- **RECORDED INFORMATION**
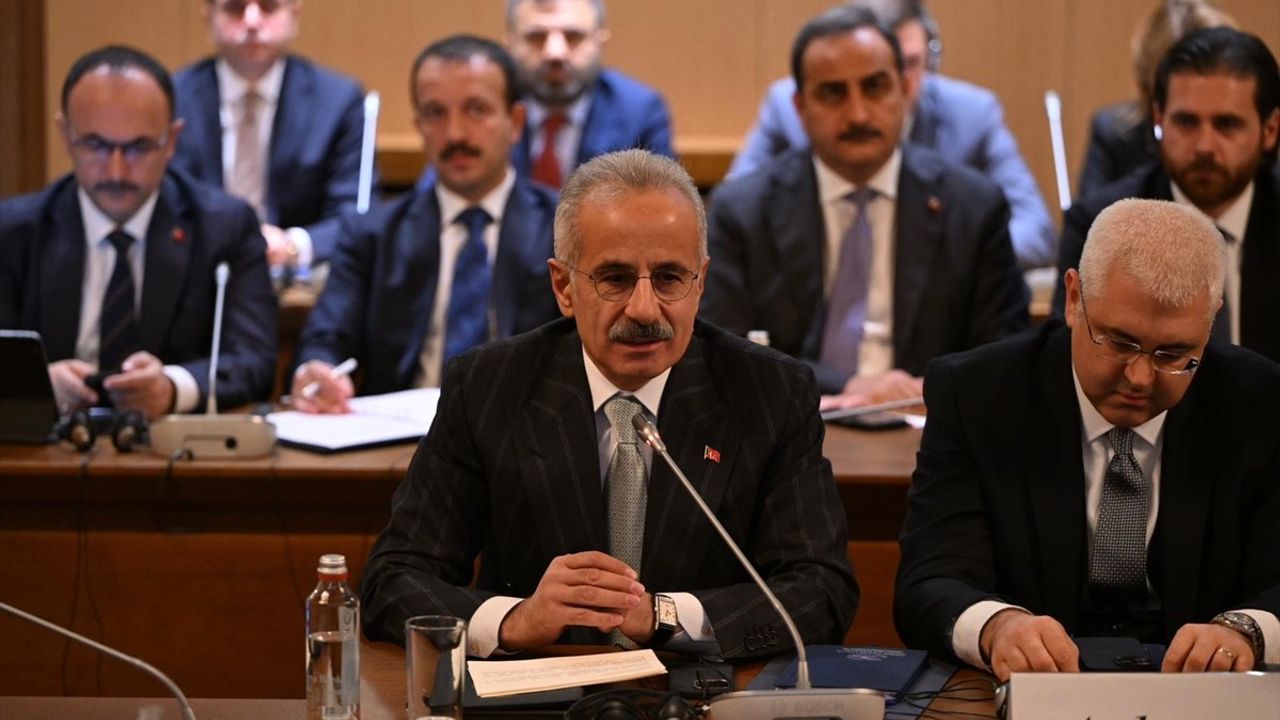 Uraloğlu Sofya'da: GDAÜ ile Bölgesel Ulaştırma Bağlantılarını Güçlendirme Vurgusu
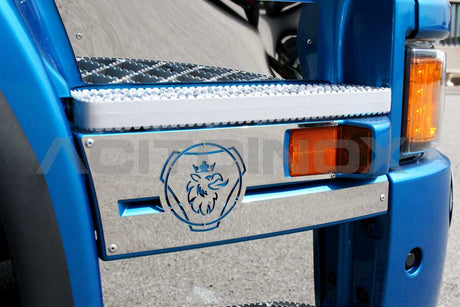 Coppia Contorno freccia con GrifoneScania R, New R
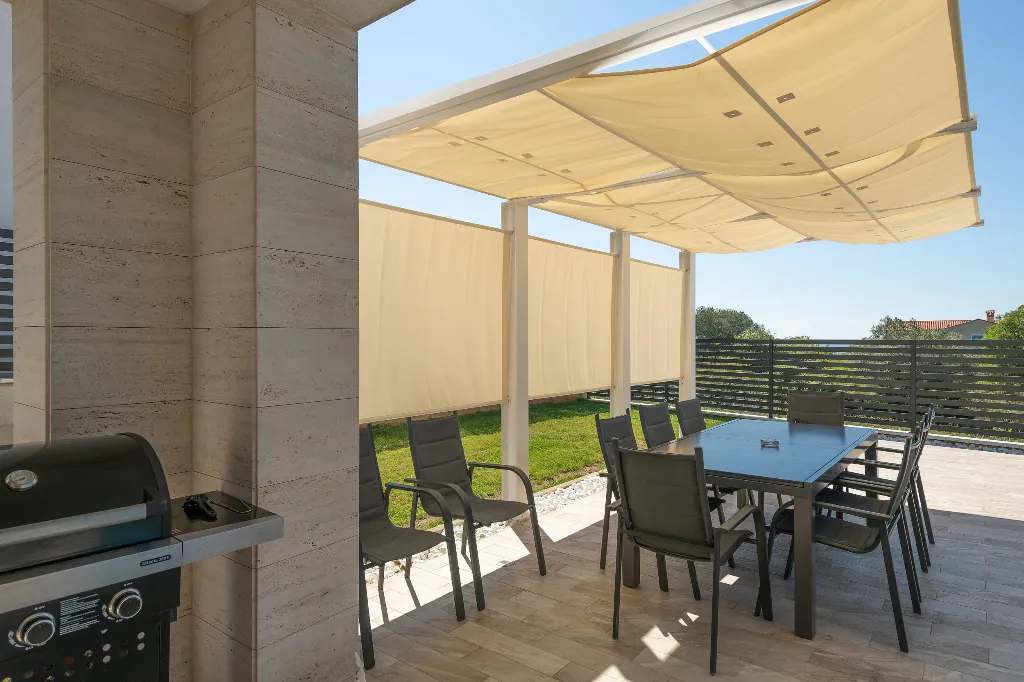 Sea-View Villa in Premantura for Up to 10 Guests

- **DIRECTIONS**
What you give back must be exactly the lines of the listing above from the line containing "Coppia Contorno freccia" through its last line, inclusive, without pictures, please.

- **EXERCISE ANSWER**
 Coppia Contorno freccia con GrifoneScania R, New R
 Sea-View Villa in Premantura for Up to 10 Guests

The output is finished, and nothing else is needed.